The connectors have to inherit StarsCatalogue or LightCurvesDb classes. This ensures that all connectors are able to return unitary Star objects in the same manner. Inheritage of these classes helps StarsProvider to find connectors.
Moreover connectors can inherite other interface classes which bring more funcionality to child classes. For example TapClient can be used for VO archives providing TAP access. See section "New modules" below.
Common interface for all databases accessible via Vizier. For many databases there is no need to write any new methods. Let's look at an example of implementation of MACHO database:
class MachoDb(VizierTapBase, LightCurvesDb):
"""
Client for MACHO database
EXAMPLES:
---------
queries = [{"Field": 1 , "Tile": 3441, "Seqn": 25}]
client = StarsProvider.getProvider(obtain_method="Macho",
obtain_params=queries)
stars = client.getStars()
"""
TABLE = "II/247/machovar"
LC_URL = "http://cdsarc.u-strasbg.fr/viz-bin/nph-Plot/w/Vgraph/txt?II%2f247%2f.%2f{macho_name}&F=b%2br&P={period}&-x&0&1&-y&-&-&-&--bitmap-size&600x400"
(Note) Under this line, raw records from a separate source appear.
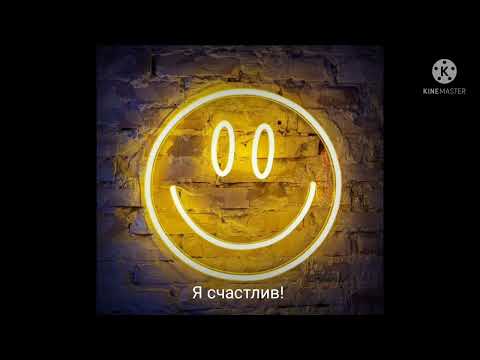 Jagwar Twin: Happy face - Счастливое лицо (перевод)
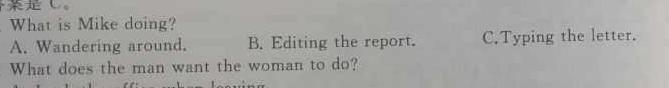 山东省滨州市2023-2024学年高三上学期期末考试(2024.01) 英语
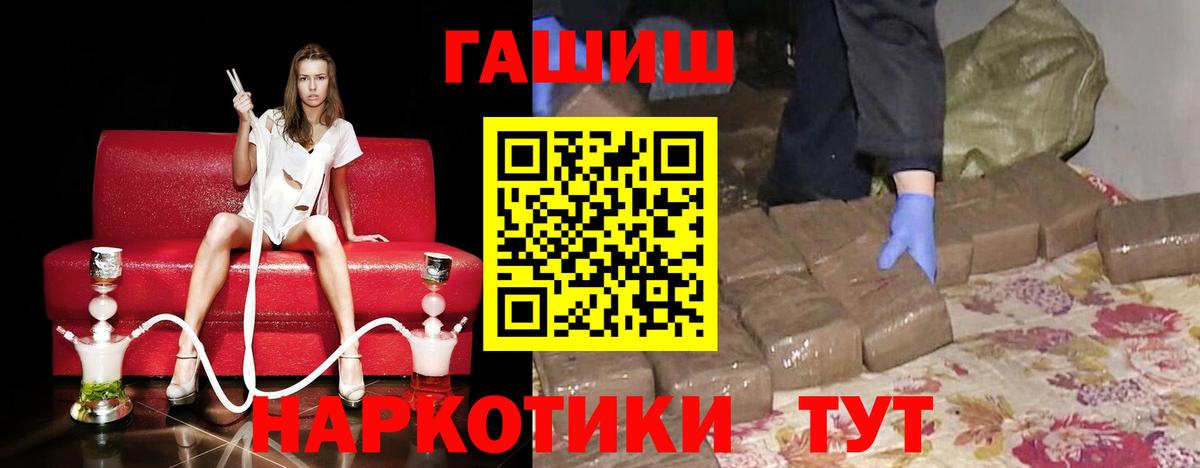 Гашиш VHQ Лесозаводск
NAME = "{Field}.{Tile}.{Seqn}"
LC_FILE = ""
LC_META = {"xlabel": "Time",
"xlabel_unit": "MJD (JD-2400000.5)",
"origin": "MACHO"}
IDENT_MAP = {"MachoDb": ("Field", "Tile", "Seqn")}
MORE_MAP = collections.OrderedDict((("Class", "var_type"),
("Vmag", "v_mag"),
("Rmag", "r_mag"),
("rPer", "period_r"),
("bPer", "period_b")))
Module which are ment to be developted by needs of user are:
- Connectors
- Descriptors
- Deciders
All these modules can be imported by normal import statements (such as: from lcc.stars_processing.descriptors.abbe_value_descr import AbbeValueDescr). Anyway there is a shortcut. Class "lcc.data_manager.package_reader.PackageReader" allows to get all modules of desired group as a dictionary. For example:
PackageReader.getClassesDict("deciders")
produces
{'CustomDecider': lcc.stars_processing.deciders.custom_decider.CustomDecider,
'GMMBayesDec': lcc.stars_processing.deciders.supervised_deciders.GMMBayesDec,
'GaussianNBDec': lcc.stars_processing.deciders.supervised_deciders.GaussianNBDec,
'LDADec': lcc.stars_processing.deciders.supervised_deciders.LDADec,
'NeuronDecider': lcc.stars_processing.deciders.neuron_decider.NeuronDecider,
'QDADec': lcc.stars_processing.deciders.supervised_deciders.QDADec,
'SVCDec': lcc.stars_processing.deciders.supervised_deciders.SVCDec,
'TreeDec': lcc.stars_processing.deciders.supervised_deciders.TreeDec}
One can see what is available and easily get method what one needs. Moreover we can say our discovery method to look to other places for classes. It is looking to predefined locations (in the package by default) for classes of interest. Trick is in inheritance. All groups inherit different classes. Besides other perks, it is labeling classes. For example all descriptrs inherits "BaseDescriptor" which ensures that all descriptors are able to do all things which are required. Hence it's very easy to implement new methods.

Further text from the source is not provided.